After weeks of fevered proposal-slinging, Honda announced on Wednesday that its sixth North American factory will be built in Decatur County, Indiana. The new facility will employ 2,000 workers and turn out 200,000 cars every year. Honda hasn’t yet revealed which cars will be made at the Indiana plant, but its press release says the new plant “will have the same type of flexible New Manufacturing System that is found in Honda’s other auto plants in the U.S. and Canada”. The $550 million-dollar facility will begin production in 2008.
Indiana offered Honda a buffet of incentives, including local highway improvements and funds for worker training. But from what’s known of the details, the packages offered by rival bids from Illinois and Ohio (which has two Honda plants already) were no less juicy. What seems to have won Honda over about Indiana has more to do with supply chain sense than with externalizing costs. Honda says it picked Indiana because of its proximity to auto parts manufacturers and suppliers—Indiana and the surrounding states are thick with smaller automotive component makers, notably the Anna, Ohio Engine Plant that makes 4- and 6-cylinder engines for Honda. The president of American Honda also seemed tickled about being close to the Indianapolis Speedway, where a Honda engine purred under the hood of every car in the 2006 race.
In spite of Honda’s decision to pick Indiana, Illinois and Ohio are not exactly licking their wounds.
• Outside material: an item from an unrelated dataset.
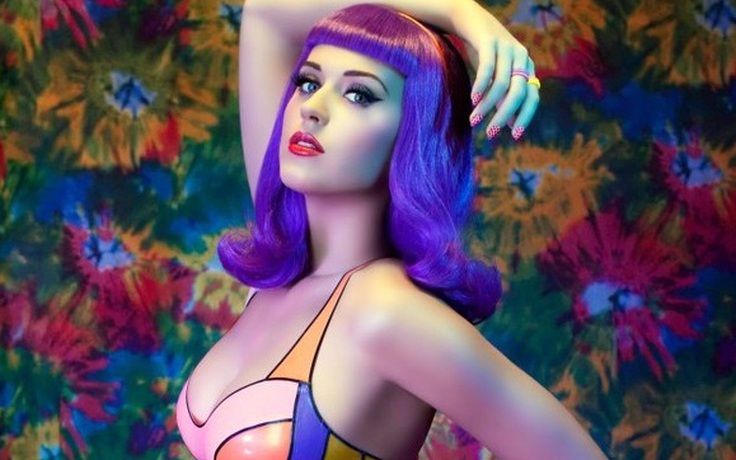 Fan phấn khích trước tin Katy Perry sang Việt Nam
The new plant’s needs will have a ripple effect throughout the region, providing additional work for component makers and automotive parts suppliers as well as for some of the many thousands of experienced autoworkers looking at unemployment after layoffs and buyouts at Ford and GM. And the creation and design of the plant itself should extend the circle of largesse even further: Honda intends for the Decatur County plant to be its most environmentally friendly plant in North America, with minimal energy consumption, emissions, and “zero waste to landfill”, according to a company statement. Building a green plant tallies with Honda’s overall interest in creating environmentally-innovative products. Makers of green manufacturing equipment and system components must be rubbing their hands together.